The machine should be positioned so that nothing is obstructing the air inlet at the back of the ventilator. Connect one end of the power cable to the ventilator and plug the other into the mains.
A light will come on to indicate that the ventilator is plugged in.* Connect the tubing to the tracheostomy cannula and the humidifier if this has been prescribed.
* This depends on the model of the machine. Check the instruction manual.
Remember that the cannula must be cared for properly to ensure that the airway stays permeable and the tracheostomy cannula does not come out, and to prevent complications (especially respiratory infections).
Tracheostomy cannulas are made up of inner and outer tubes. The outer tube or cannula is equipped with ties, which wrap around the patient’s neck. The inner tube or cannula is found inside the outer cannula and can be removed for cleaning.

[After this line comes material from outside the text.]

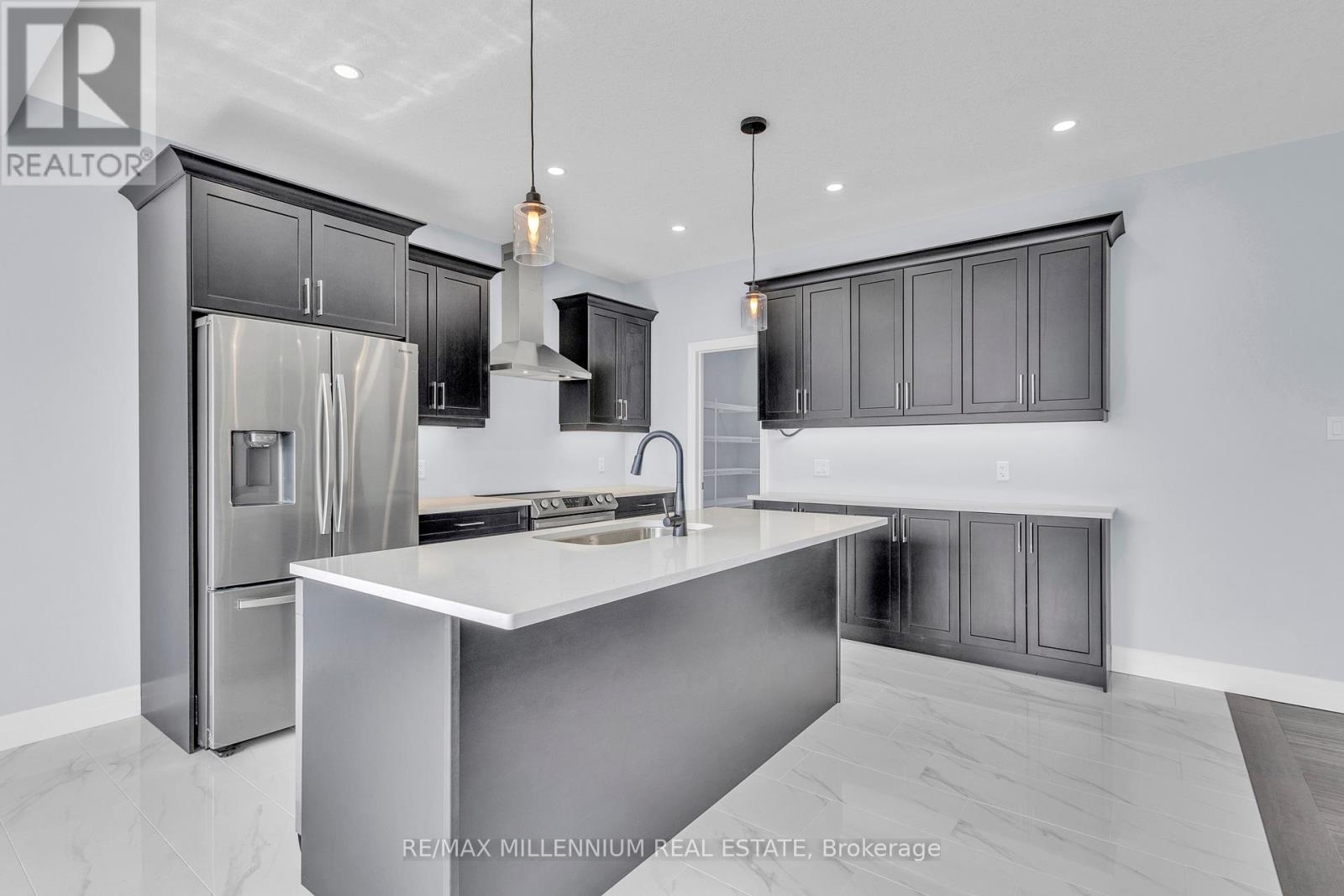 176 Foxborough Place, Thames Centre, Ontario  N0M 2P0 - Photo 12 - X12081135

The tracheostomy cannulas may be equipped with a balloon, which fixes the tube in place and seals the airway to prevent air leaks.
Connect one end of the tubing to the ventilator and the other to the connector on the tracheostomy cannula.
Turn the machine on and breathe normally.
Adjust the tubing so that it is comfortable for the patient and they can move freely.
When the patient is not connected to the ventilator, the tracheostomy humidifier can continue to be used to maintain a suitable level of moisture in the airway.
This procedure is not risk-free and its complications can arise in the short or long term.
Correctly treating tracheostomy, from taking care of the stoma to secretion suctioning is paramount to avoid them.
This means keeping the stoma clean once the cannula has been removed, cleaning the mucous and the skin with a sterile gauze, a saline solution or an antiseptic such as povidone-iodine. Let dry. Periodically check the stoma for reddening, signs of infection, bleeding...
Apply a light layer of antacid solution (almagate, antacid or other products available) on irritated areas.
Once the stoma is clean, place the cannula again. Place clean gauzes or bibs between the patient’s skin and the cannula to get rid of the humidity of secretions and help keep the area clean and dry for as long as possible.